Investment management firm Ruane, Cunniff & Goldfarb Inc. will pay more than $124.6 million to settle lawsuits filed by the U.S. Department of Labor and private plaintiffs that alleged the firm improperly managed a 401(k) plan sponsored by DST Systems, DOL announced Monday.
The settlement is pending court approval of a related class action settlement, DOL said. The agency sued Ruane, Cunniff & Goldfarb in 2019 alleging that the firm used a “self-proclaimed investment strategy of ‘non-diversification’” that resulted in losses for the plan’s more than 9,000 participants.
In one example cited by DOL’s press release, one pharmaceutical company’s stock grew to encompass more than 45% of the plan’s assets. When the stock’s price fell, plan participants “experienced significant losses to their retirement savings because of the plan’s concentrated portfolio,” DOL said.

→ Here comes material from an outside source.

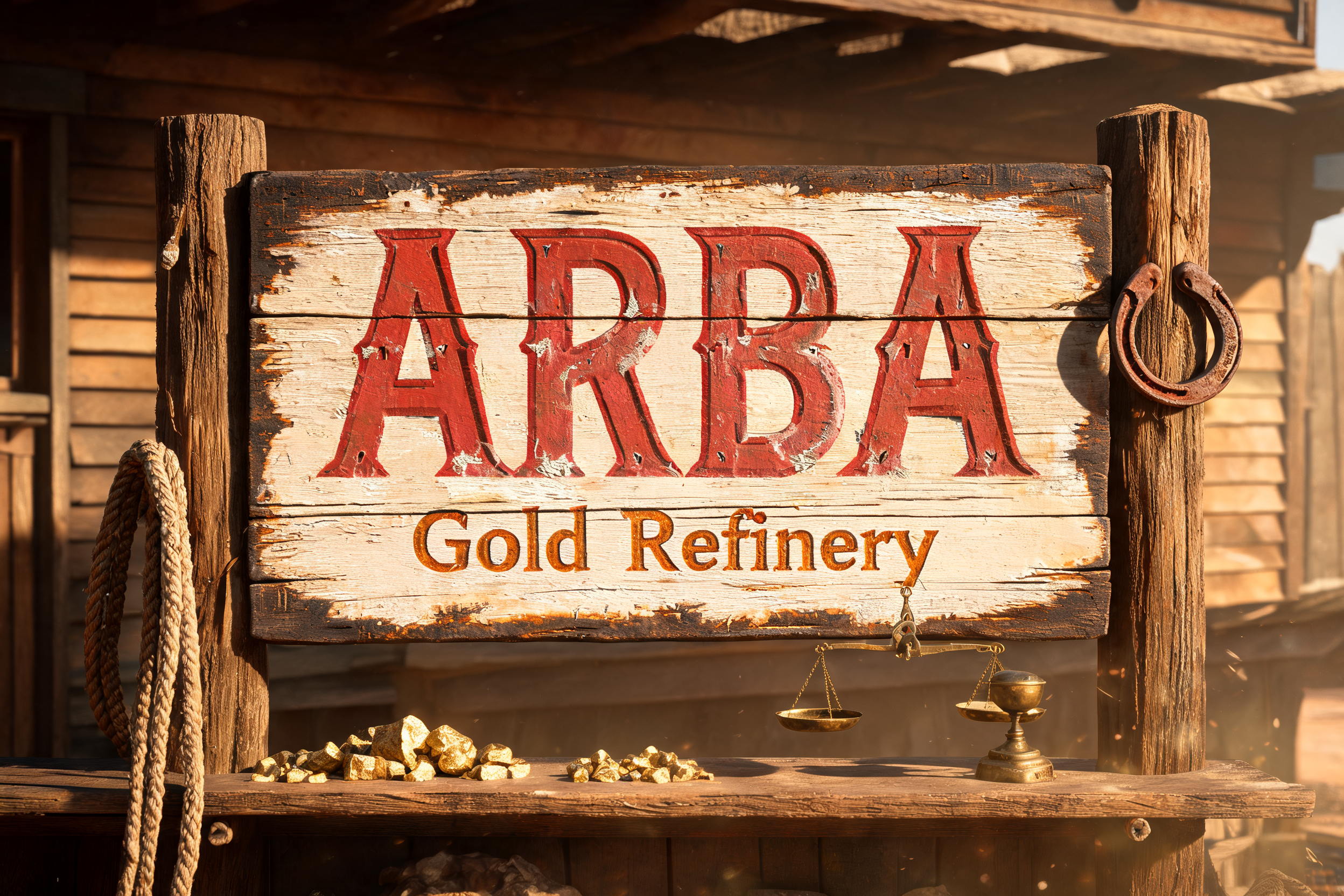 "ARBA Gold Refinery" — Western text effect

An investigation by the Employee Benefits Security Administration determined that the plan managers violated the Employee Retirement Income Security Act, which requires retirement plan fiduciaries to diversify a plan’s investments in order to minimize the risk of losses. Separately, DOL said EBSA determined that DST Systems and individual defendants failed to properly monitor the managers’ activities.
Following DOL’s 2019 suit, DST Systems sued Ruane, Cunniff & Goldfarb one year later over allegations including fraud and breach of contract. The parties eventually requested a stay of proceedings. Meanwhile, Ruane, Cunniff & Goldfarb moved to dismiss DOL’s suit, but a district court judge denied the motion in March.
Ruane, Cunniff & Goldfarb did not respond to an HR Dive request for comment. SS&C Technologies Holdings, Inc., which acquired DST Systems in 2018, also did not respond to a request for comment.
“This resolution protects the rights and benefits of the plan’s participants and shows that we will aggressively pursue appropriate legal action to ensure those rights and benefits,” U.S. Solicitor of Labor Seema Nanda said in the release. “Fiduciaries to retirement plans must comply with [ERISA]’s safeguards — including diversification — to protect workers’ retirement benefits and fulfill their own fiduciary responsibilities.”
DOL has notched high-profile legal wins within the past year in disputes involving retirement plans. Last September, Wells Fargo agreed to pay nearly $145 million to settle the agency’s investigation into whether a 401(k) plan for the bank’s employees overpaid for Wells Fargo preferred stock.
That same month, DOL sued the owner of a New Jersey design firm, alleging that the owner and her spouse unlawfully invested assets from an employee profit-sharing plan into a bank owned by the spouse. The defendants in that case entered into a consent order with DOL on Sept. 23 and agreed to pay more than $1.8 million to plan participants.